Facebook named Morgan Stanley as the lead underwriter on its IPO. In addition, J.P. Morgan, Goldman Sachs, Bank of America Merrill Lynch, Barclays and Allen & Co will manage the sale.

“By weaving brand messages into the fabric of people’s lives, Facebook has come close to achieving the holy grail of advertising platforms, says Andrew Tonks, a social media expert at London-based online marketing agency Koozai. “It can deliver advertising to people without them realizing they are being sold to.”


Facebook can provide advertisers with extremely detailed information on the [around] 400 million people who use it every day, Tonks says. “With [Facebook’s] flotation expected to raise 10 or even 20 times its current estimated annual revenue, Wall Street appears willing to bet that its earnings will continue to grow,” he says.

DYNAMICS CHANGE

The transition to being a publicly listed company will inevitably change the dynamics of Facebook, Tonks says. “The quest for ever-greater profits should spur it into making its advertising platform more user-friendly in an attempt to lure advertisers away from the steadily more expensive world of conventional pay-per-click ads,” he says. “But with greater competition for advertising space on Facebook, its prices are also likely to increase over time as demand for key advertising space outstrips supply.”

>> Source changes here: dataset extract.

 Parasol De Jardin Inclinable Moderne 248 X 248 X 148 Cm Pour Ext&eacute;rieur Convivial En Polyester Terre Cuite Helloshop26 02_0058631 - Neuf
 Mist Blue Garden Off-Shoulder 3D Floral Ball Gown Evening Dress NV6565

Menlo Park, California–based Facebook is considering a valuation for the company of $75 billion to $100 billion. If the latter figure is reached, Facebook CEO Mark Zuckerberg’s stake in the company would be $28.4 billion, making him almost as rich as Oracle founder Larry Ellison.

Eight IPOs were completed in the US market in the week ended February 10. That was the most since the week of December 12, the busiest week of 2011, according to Renaissance Capital. Caesars Entertainment was the top performer, gaining 71% in its first day of trading. The Las Vegas–based casino company raised $16 million, as only 1.4% of shares outstanding were offered.

EPAM Systems, an offshore IT services provider with delivery centers located in Eastern Europe, rose 17% in its debut, after cutting its deal size by 43%. The company develops software to create complex, mission-critical applications.

Peruvian firm Cementos Pacasmayo, a cement maker, raised $230 millionby offering 20 million ADRs at $11.50, the low end of the anticipated range. The stock, which is already traded on the Lima Stock Exchange, declined 3.7% in its first day of trading on the NYSE.

FX Alliance, better known as FXall, which operates a leading institutional foreign exchange trading platform, raised $62 million by offering 5.2 million shares at $10, which was below the expected range of $13.50 to $15.50.

The company didn’t receive any proceeds from the listing, as all of the shares were offered by a group of selling stockholders, including Citi, Goldman Sachs, HSBC and Royal Bank of Scotland.